◆ Supplied data ◆

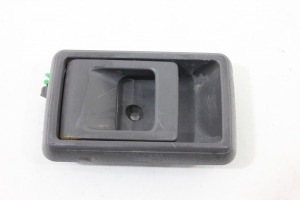 Maçaneta Interna Porta Tras Ld Hilux 96/04 Usado (290)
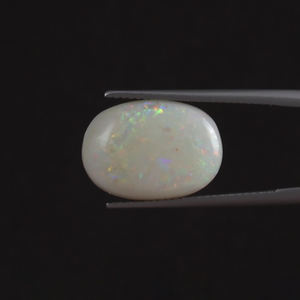 Ópalo Blanco Natural, Gema Suelta de 5.75 Quilates, Corte Cojín 17x12mm, Certificado IGI, Tallado a Mano, Pulido, Tratado con Cera/Aceite Ligero - Product Image 1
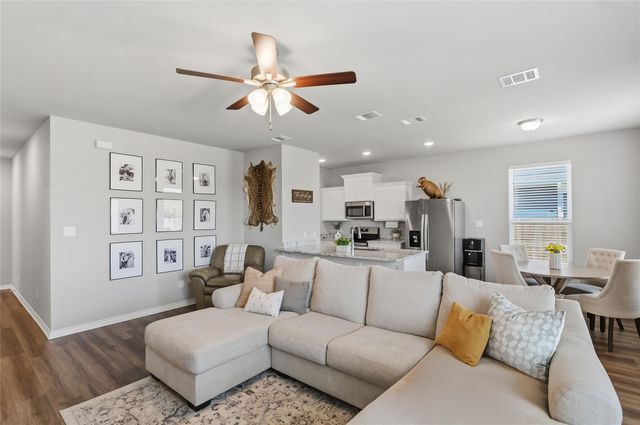 2420 Lightfoot Lane, Bryan, TX 77803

◆ Exercise description ◆
All lines from the line with "Ópalo Blanco Natural, Gema" through the final line of the data, both included, are to be repeated exactly; no other lines and no pictures.

◆ Task response ◆
 Ópalo Blanco Natural, Gema Suelta de 5.75 Quilates, Corte Cojín 17x12mm, Certificado IGI, Tallado a Mano, Pulido, Tratado con Cera/Aceite Ligero - Product Image 1
 2420 Lightfoot Lane, Bryan, TX 77803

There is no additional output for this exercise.